> [EXERCISE BRIEF] Word for word, print out all of the data, omitting every image.
Start of PROVIDED MATERIAL
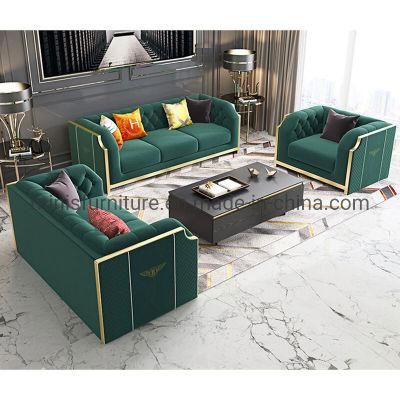 (MN-SF94) Hotel Lounge Living Room Gold Frame Fabric Sofa
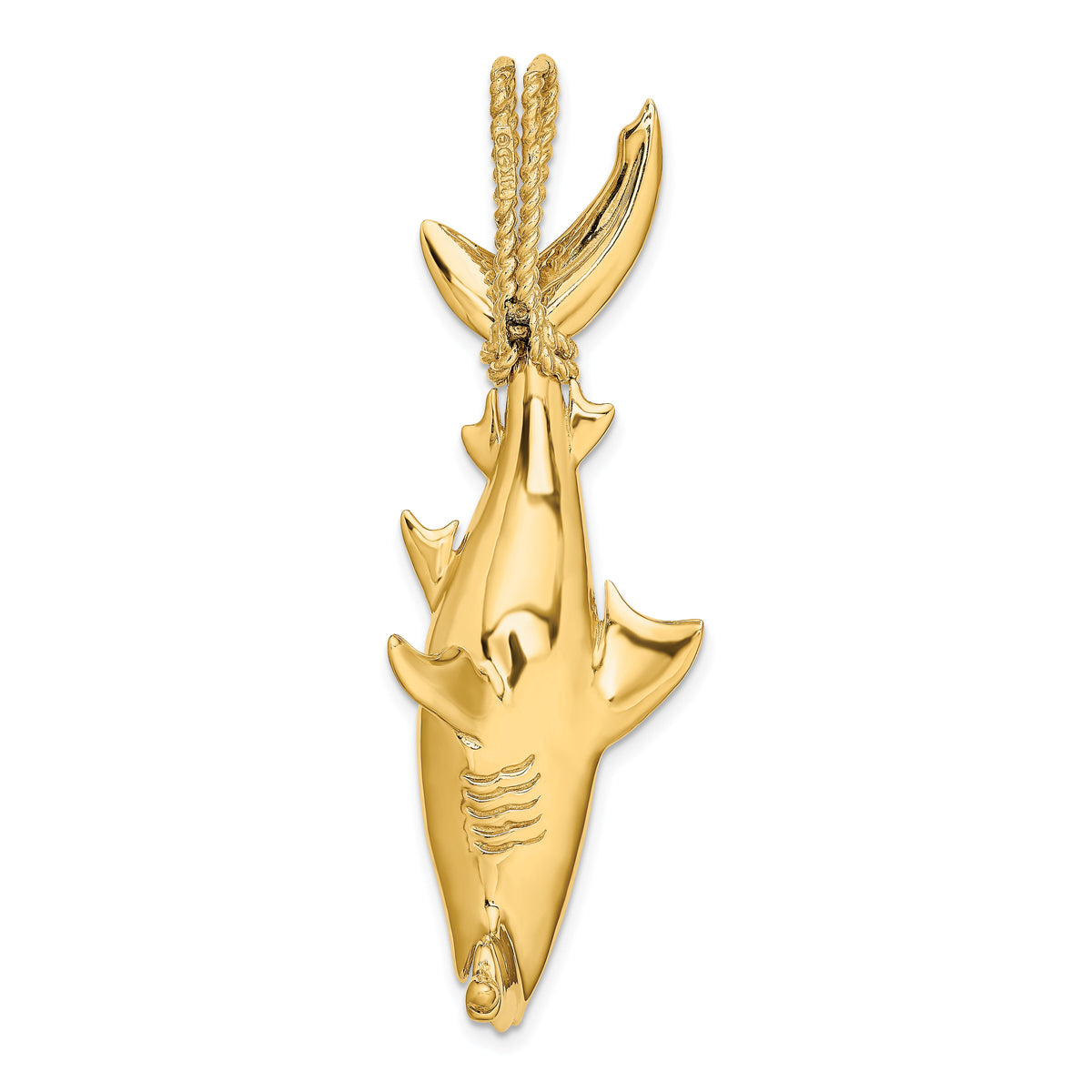 14K 3-D Hammerhead Shark w/ Rope Bail Charm-K8029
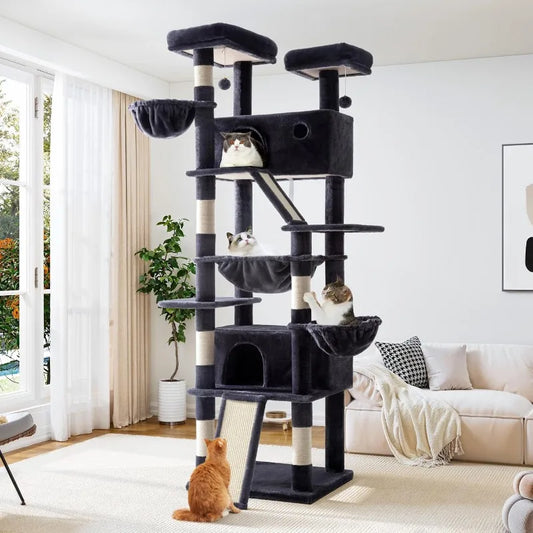 81 Inches Tall Cat Tree/Multi-Level, Large Climbing Tree House and Towers for Big Feline/Condo and Hammock/Dark Grey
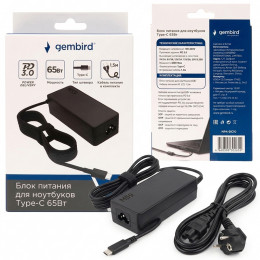 Блок питания USB-C 65W • 5–20В • Gembird DC10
End of PROVIDED MATERIAL
> [WRITTEN SOLUTION]
 (MN-SF94) Hotel Lounge Living Room Gold Frame Fabric Sofa
 14K 3-D Hammerhead Shark w/ Rope Bail Charm-K8029
 81 Inches Tall Cat Tree/Multi-Level, Large Climbing Tree House and Towers for Big Feline/Condo and Hammock/Dark Grey
 Блок питания USB-C 65W • 5–20В • Gembird DC10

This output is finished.